While that claim by Friedman is contentious and the topic of another blog altogether the fact is that the predictions of the Heckscher-Ohlin model performed poorly when confronted with empirical realities.

An early rejection of the worth of the ‘model’ was provided by the famous Leontief Paradox, named after the work of the American economist Wassily Leontief.

The Leontief Paradox was that the US, which is the nation with the most capital, was exporting goods and services that were more labour-intensive than capital-intensive, a major violation of the predictions of the Heckscher-Ohlin model.

This finding ran counter to the ‘comparative advantage’ model of free trade. The US imported more capital-intensive goods than it exported.

New developments in trade theory

The concept of free trade, derived from the early contributions of the Stockholm School and others, led to the conclusion that any government intervention to restrict the free exchange of goods and services across national borders (via, for example, tariffs and/or import controls) This, would undermine national prosperity.

The corollary, of course, was that unfettered trade movements would enhance national prosperity.

In other words, the idea that a national government might protect a local industry by restricting its exposure to competition from international firms was ‘proved’ to be anathema to maximising individual and national outcomes.

Of course, the ‘proof’ was only forthcoming in these stylised 2x2x2 ‘models’, which relied on a host of assumptions that were patently not a description of the real world.

The theoretical case for free trade was challenged in the 1980s, when developments within economic theory (the so-called ‘New Trade Theory’) essentially scrapped the Heckscher-Ohlin approach and incorporated the reality of increasing returns in production and imperfect competition (Krugman, 1987).

[Reference: Krugman, P. (1987) ‘Is Free Trade Passé’, The Journal of Economic Perspectives, 1(2), 131-144. LINK]

By altering these assumptions, economists could no longer argue that the results of the free-trade models held.

While Paul Krugman (1987: 131) considered “the defense of free trade is close to a sacred tenet is any idea in economics” (see full quote at beginning of this blog), he also noted that “the case for free trade is currently more in doubt than at any time since the 1817 publication of Ricardo’s Principles of Political Economy.”

He noted that this doubt was not a reflection of the “political pressures for protection” (p.131), which has been successfully headed off by the free trade lobby, but (p.131-32):

Rather, it is because of the changes that have recently taken place in the theory of international trade itself … the traditional constant returns, perfect competition models of international trade have been supplemented and to some extent supplanted by a new breed of models that emphasizes increasing returns an imperfect competition. These new models calling to doubt the extent to which actual trade can be explained by comparative advantage: they also open the possibility that government intervention in trade via import restrictions, export subsidies, and so on may under some circumstances be in national interest after all.

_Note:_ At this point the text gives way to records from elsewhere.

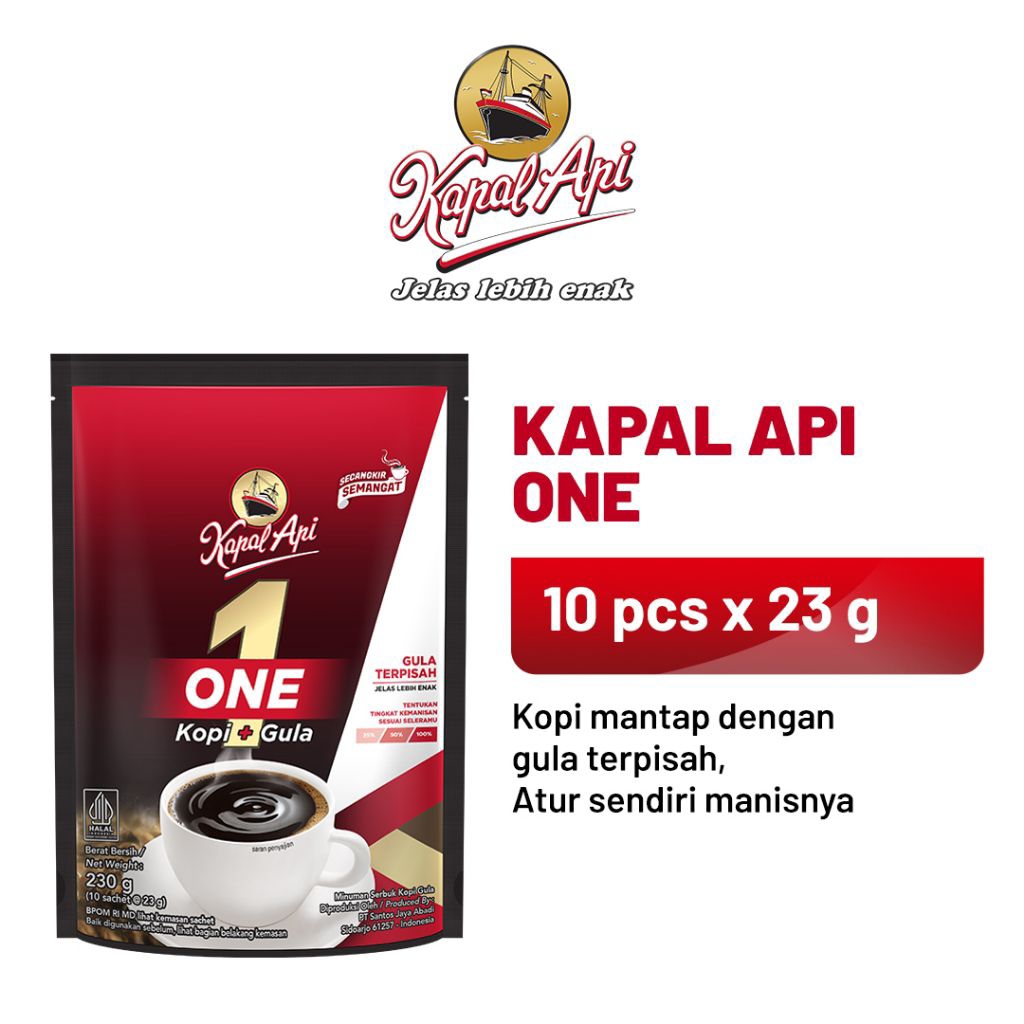 

Kapal Api One Kopi + Gula 10s × 23g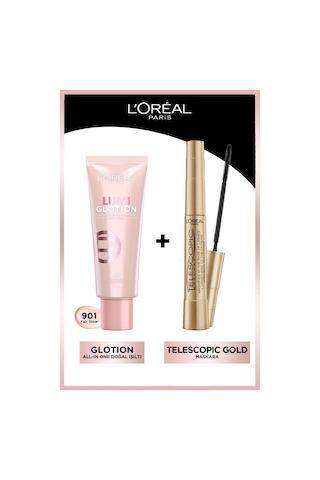 L'Oréal Paris Telescopic Maskara + Glotion All-In-One Doğal Işıltı 901 Fair Glow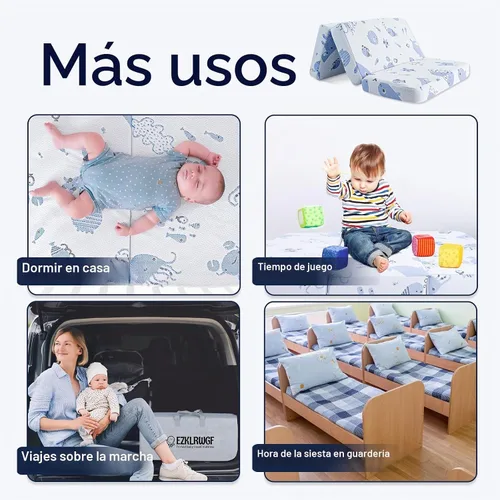 Vista 7 de Colchón de triple pliegue y juego, espuma viscoelástica suave y firme de doble cara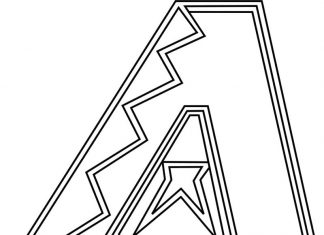 Litera A MLB kolorowanka litera A MLB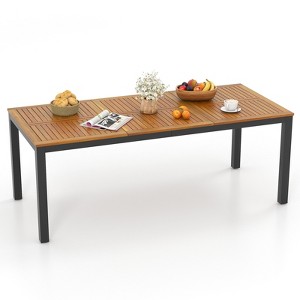 Costway 79" Acacia Wood Patio Table 8-Person Outdoor Dining Table with Umbrella Hole - 1 of 4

It is important to understand that economic theory evolved away from a blind acceptance of a proposition that free trade was always good, quite apart from other considerations, which we might categorise under ‘fair trade’ issues.

These ‘fair trade’ issues extend well beyond the nuances of assumptions that economists might deploy to generate one ‘result’ over another in the game of theorising.

But at this stage we just note, that the New Trade Theory could no longer be used to justify unfettered free trade.

It is possible (even within this narrow framework) that government trade regulations (for example, export subsidies and/or import controls) can advance national well-being.

Conclusion

In Part 2, we will continue to critique the ‘economists’ case for free trade and move onto to ‘fair trade’ issues and the current crop of so-called free trade agreements.

The series so far

This is a further part of a series I am writing as background to my next book on globalisation and the capacities of the nation-state. More instalments will come as the research process unfolds.

The series so far:

1. Friday lay day – The Stability Pact didn’t mean much anyway, did it?

2. European Left face a Dystopia of their own making

3. The Eurozone Groupthink and Denial continues …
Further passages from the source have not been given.